The discovery that virtually every cell in the human body contains its own molecular clock — and that these peripheral clocks are synchronised by a master clock in the brain that is itself set by light — won the Nobel Prize in Physiology or Medicine in 2017. It's one of the most fundamental reframes in biology of the last few decades.
It means that when you eat, sleep, exercise, and are exposed to light isn't just a matter of habit and convenience. These timing cues are biological signals that set the phase of your internal clocks, which in turn orchestrate almost everything your body does.
◈Key Facts
What the circadian clock actually controls
Hormone secretion timing: Cortisol peaks about 30-45 minutes after waking. Melatonin rises 2-3 hours before your habitual sleep time. Insulin sensitivity is highest in the morning and lowest in the evening. Growth hormone pulses during deep sleep. Reproductive hormone patterns are circadian-regulated. None of this is random — it's a carefully timed sequence.
Metabolism: Your ability to process glucose, metabolise fats, and use energy all vary with time of day. Eating a large carbohydrate meal in the morning produces a smaller blood glucose rise than the same meal in the evening, because insulin sensitivity is higher and glucose clearance is more efficient earlier in the day.
Detoxification: The liver performs peak detoxification during specific time windows — primarily overnight. Phase I and Phase II liver detox enzyme activity follows a circadian pattern. Eating late at night or drinking alcohol in the evening directly conflicts with this timing.
Immune function: Immune cells are most active in the early morning. Vaccines administered in the morning often produce stronger antibody responses. Inflammatory cytokines have circadian rhythms. The severity and timing of inflammatory flares in conditions like rheumatoid arthritis follows predictable circadian patterns.
Cell repair and autophagy: DNA repair and cellular autophagy (the process of clearing damaged cellular components) are concentrated in fasting and sleep periods. Eating continuously, particularly late at night, suppresses autophagy.
How modern life breaks the clock
Light at night is the primary disruptor. The SCN (suprachiasmatic nucleus) — your master clock — is set by the light-dark cycle. Bright artificial light at night delays the clock. Electric lighting extended the day; smartphone screens brought the night-time light source to within inches of your eyes.
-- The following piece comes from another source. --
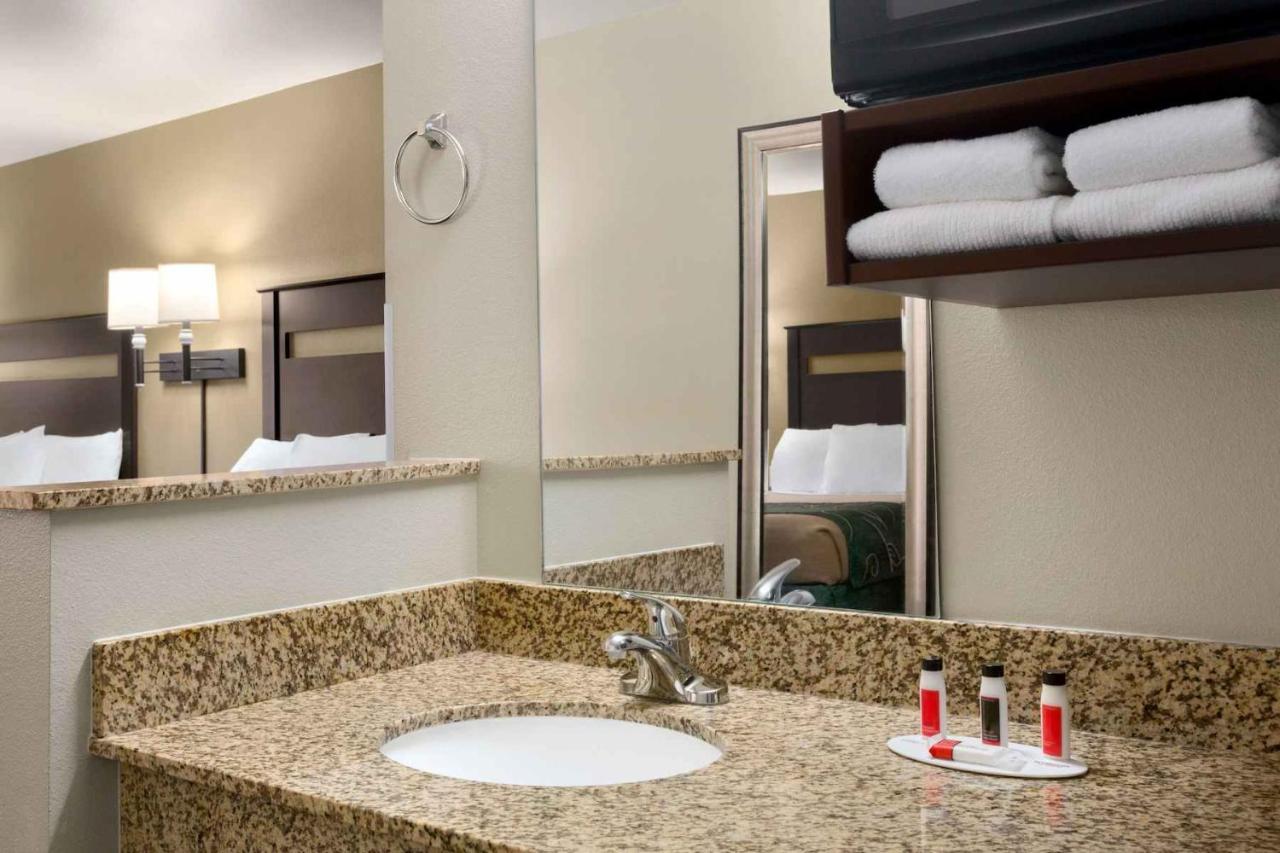 Queen Studio - Non-Smoking at Baymont by Wyndham Glendive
Eating at all hours desynchronises peripheral clocks from the master clock. Your liver clock is set partly by when food arrives. If you eat at 11pm, the liver clock shifts to accommodate late-night food processing while the SCN still registers the social day. This internal clock misalignment is the mechanism behind much of the harm associated with shift work eating patterns.
Irregular sleep timing prevents the SCN from maintaining a stable reference point. Your clock needs consistent anchoring or it begins to drift.
Lack of morning light means the clock can't fully reset each day. Morning sunlight is the strongest zeitgeber (time cue) available. People who don't get outside in the morning often experience gradual phase delay — their biological day shifts later and later, creating a growing mismatch with social obligations.
Time-restricted eating as a circadian tool
Time-restricted eating (TRE) is typically discussed as a dietary intervention. It's more accurately understood as a circadian one. Concentrating eating within a consistent, daylight-aligned window allows peripheral clocks to synchronise properly, supports overnight autophagy, and aligns liver function with the body's peak metabolic window.
The research on TRE shows benefits for insulin sensitivity, blood pressure, cardiometabolic markers, and inflammation — effects that appear to be at least partially independent of caloric intake. A consistent eating window of 8-10 hours, beginning within 1-2 hours of waking, captures most of the benefit.
You are a biological clock that happens to also be a body. Feeding it, lighting it, and resting it at consistent, appropriate times isn't optional — it's maintenance.